OLG Koblenz, Beschl. v. 26.5.2015 – 14 W 341/15
Sachverhalt
Der Kl. hatte gegen das mit einem Betrag von 20.500 EUR zu seinem Nachteil ergangene Urteil des LG Bad Kreuznach Berufung eingelegt. Der Bekl. hat durch seinen Prozessbevollmächtigten die Zurückweisung dieser Berufung beantragt. Hieraufhin hat der Kl. seine Berufung hinsichtlich eines Wertes von 5.500 EUR begründet. Die Berufung blieb erfolglos. Aufgrund der zu seinen Gunsten ergangenen Kostenentscheidung hat der Bekl. – soweit hier von Interesse – für das Berufungsverfahren die Festsetzung einer 1,6 Verfahrensgebühr gem.
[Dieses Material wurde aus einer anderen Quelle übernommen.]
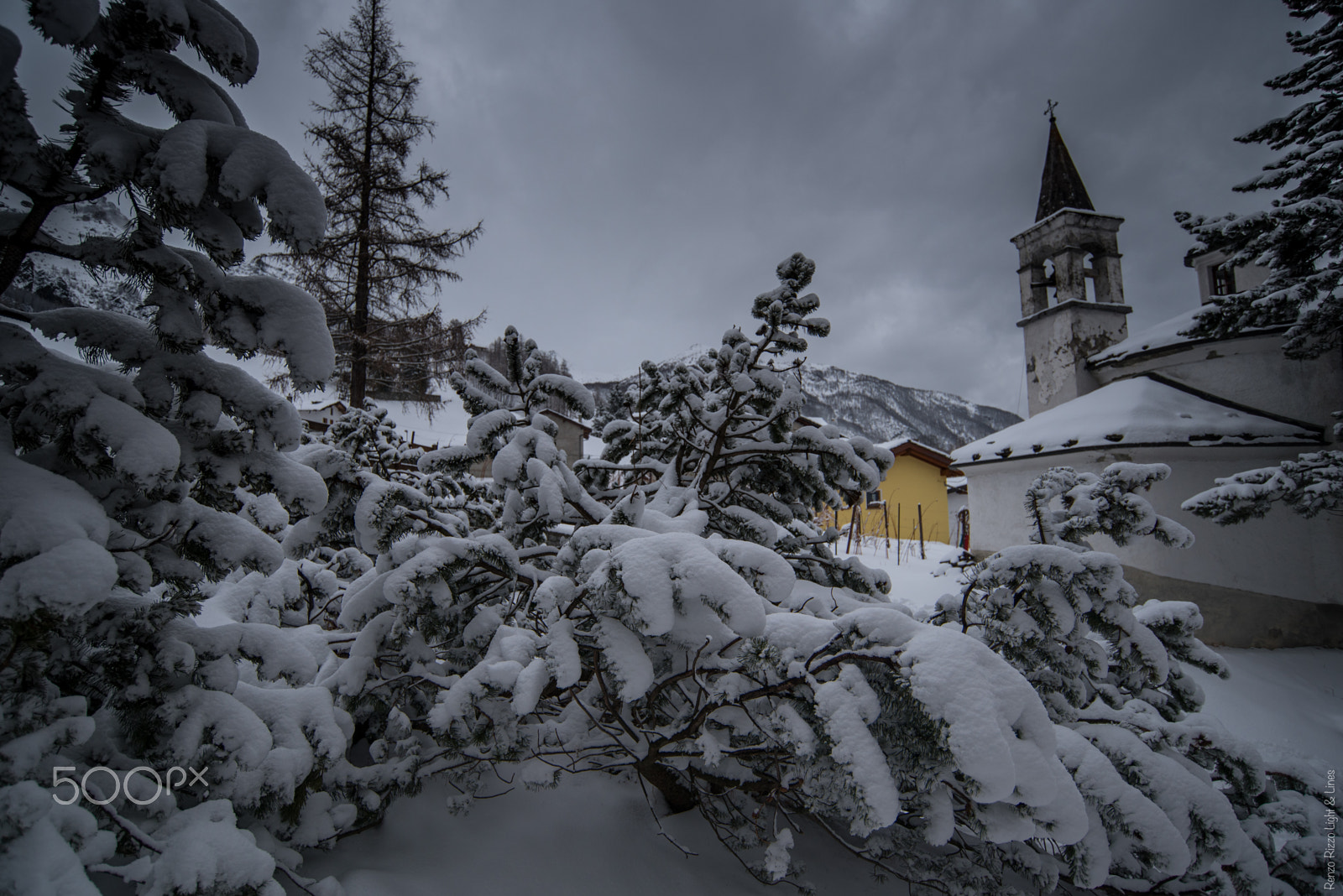 Nikon D750 + Nikon AF-S Nikkor 18-35mm F3.5-4.5G ED sample photo. Church and yellow house photography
Nr. 3200 VV RVG nach einem Gegenstandswert von 20.500 EUR in Höhe von 1.187,20 EUR geltend gemacht. Die Rechtspflegerin hat diesem Kostenfestsetzungsantrag entsprochen.
Mit seiner hiergegen gerichteten sofortigen Beschwerde hat sich der Kl. dagegen gewandt, dass die Rechtspflegerin die zweitinstanzliche Verfahrensgebühr durchweg nach einem Satz von 1,6 und nicht differenzierend nach Sätzen von 1,6 und 1,1 für erstattungsfähig erachtet hat. Die Rechtspflegerin hat dieser sofortigen Beschwerde nicht abgeholfen und sie dem OLG Koblenz zur Entscheidung vorgelegt. Das OLG hat eine Entscheidung abgelehnt und die Sache an das LG Bad Kreuznach zurückgegeben.
2 Aus den Gründen:
" … Der Kl. wendet sich dagegen, dass die zweitinstanzliche Verfahrensgebühr auf Beklagtenseite durchweg nach einem Satz von 1,6 und nicht differenzierend nach Sätzen von 1,6 und 1,1 für erstattungsfähig erachtet wurde. Diese Sicht ist zutreffend, trägt indessen das Rechtsmittel nicht. Insoweit ist zu bemerken:"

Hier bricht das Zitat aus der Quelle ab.